Guru Besar Ilmu Sosiologi Universitas Nasional (Unas) Sigit Rochadi menilai fenomena tagar Kabur Aja Dulu merupakan bentuk penilaian generasi muda khususnya kalangan terdidik kepada pemerintah saat ini, yang dianggap kurang memperhatikan hak-hak warga negara khususnya dalam hal mendapatkan pekerjaan dan penghidupan yang layak.
Penilaian itu lantas berkembang menjadi satu sikap bahwa peluang mendapatkan kerja di dalam negeri saat ini kian menyempit. Kondisi tersebut makin diperparah dengan kebijakan pemerintah untuk melakukan efisiensi anggaran, sehingga perusahaan-perusahaan yang selama ini mengandalkan kerja sama dengan pemerintah harus mengurangi tenaga kerja.
“Misalnya pekerja hotel jelas sebentar lagi akan dikurangi.

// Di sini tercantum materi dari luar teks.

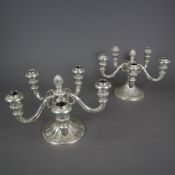 Ein Paar Silberleuchter - Kerzenleuchter, Silber 835/000, deutsch, gestempelt „Halbmond Krone 835“,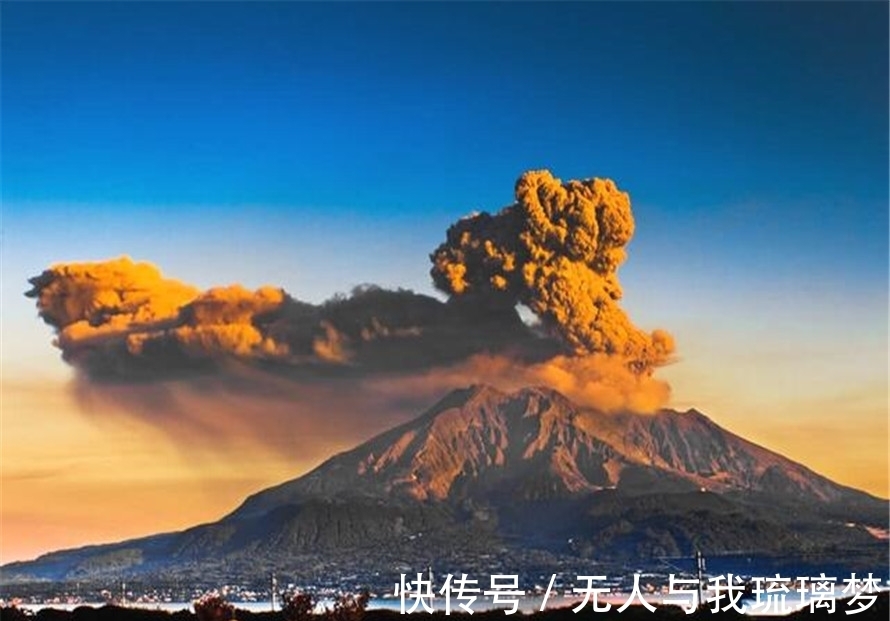意大利埃特纳火山突然喷发游客紧急撤离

Kemudian perusahaan-perusahaan swasta yang biasa bekerja sama dengan pemerintah pasti sebentar lagi akan kehilangan proyek-proyek yang biasanya datang dari pemerintah. Jadi pengurangan tenaga kerja juga akan besar-besaran akan terjadi. Kemudian masyarakat akhirnya mencari pekerjaan atau peluang di luar negeri,” katanya kepada Hypeabis.id lewat sambungan telepon, Rabu (20/2/2025).
Sigit mengatakan fenomena Kabur Aja Dulu juga tidak bisa dilepaskan dari keputusan pemerintah yang kini membangun struktur organisasi sangat gemuk dengan jumlah anggota kabinet yang sangat besar. Hal ini, katanya, menumbuhkan pesimisme terutama di kalangan anak muda. Alih-alih menciptakan lapangan kerja yang besar, pemerintah justru membuat kabinet yang gemuk dengan anggaran yang besar.
“Artinya pemerintah yang mendapat kepercayaan dari masyarakat sekitar hampir 60 persen suara kemarin dalam pemilihan umum [Pemilu] itu tidak menjawab dengan program-program yang menciptakan lapangan kerja dan meningkatkan kesejahteraan masyarakat,” ujarnya.